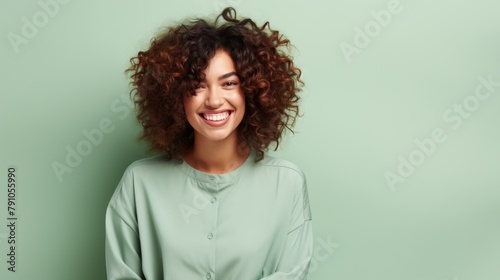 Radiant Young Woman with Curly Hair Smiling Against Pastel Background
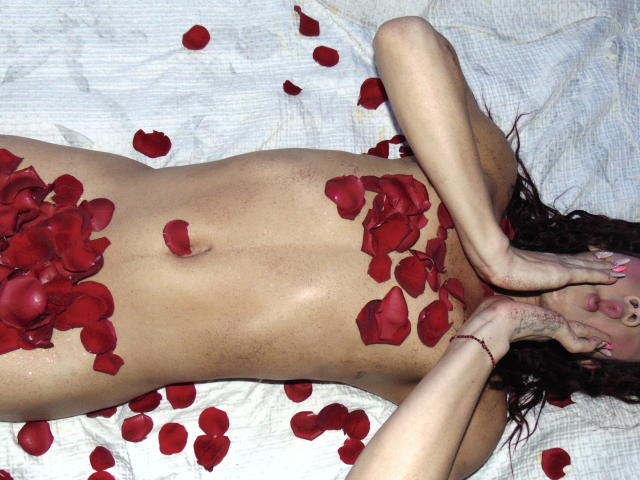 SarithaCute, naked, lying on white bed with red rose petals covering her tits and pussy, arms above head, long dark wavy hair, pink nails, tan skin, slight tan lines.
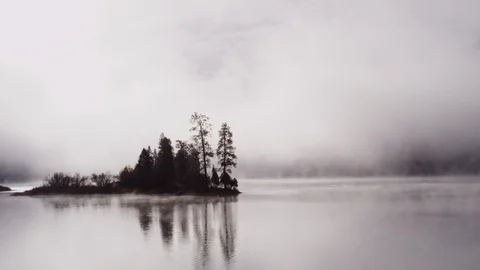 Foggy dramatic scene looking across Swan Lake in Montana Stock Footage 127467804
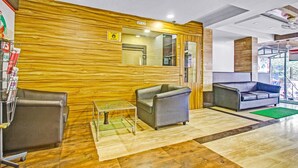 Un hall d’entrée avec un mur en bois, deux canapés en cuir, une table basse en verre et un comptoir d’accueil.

* * *

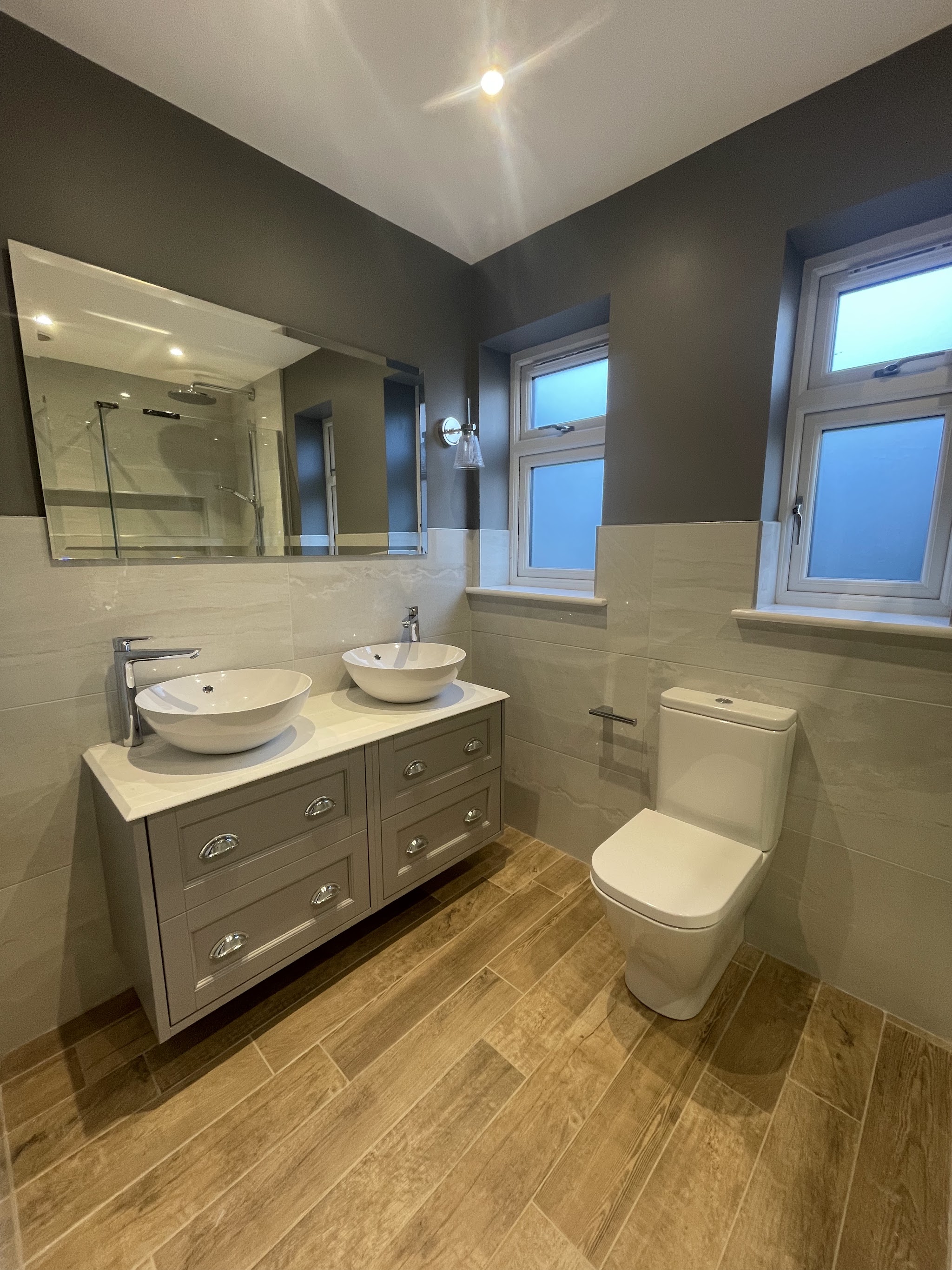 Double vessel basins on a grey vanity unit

WHAT THE EXERCISE ASKS:
Among the entries above, copy exactly the stretch from the line holding "Radiant Young Woman" through the line holding "Un hall d’entrée", leaving out any pictures.

SOLUTION TO THIS PROBLEM:
 Radiant Young Woman with Curly Hair Smiling Against Pastel Background
 SarithaCute, naked, lying on white bed with red rose petals covering her tits and pussy, arms above head, long dark wavy hair, pink nails, tan skin, slight tan lines.
 Foggy dramatic scene looking across Swan Lake in Montana Stock Footage 127467804
 Un hall d’entrée avec un mur en bois, deux canapés en cuir, une table basse en verre et un comptoir d’accueil.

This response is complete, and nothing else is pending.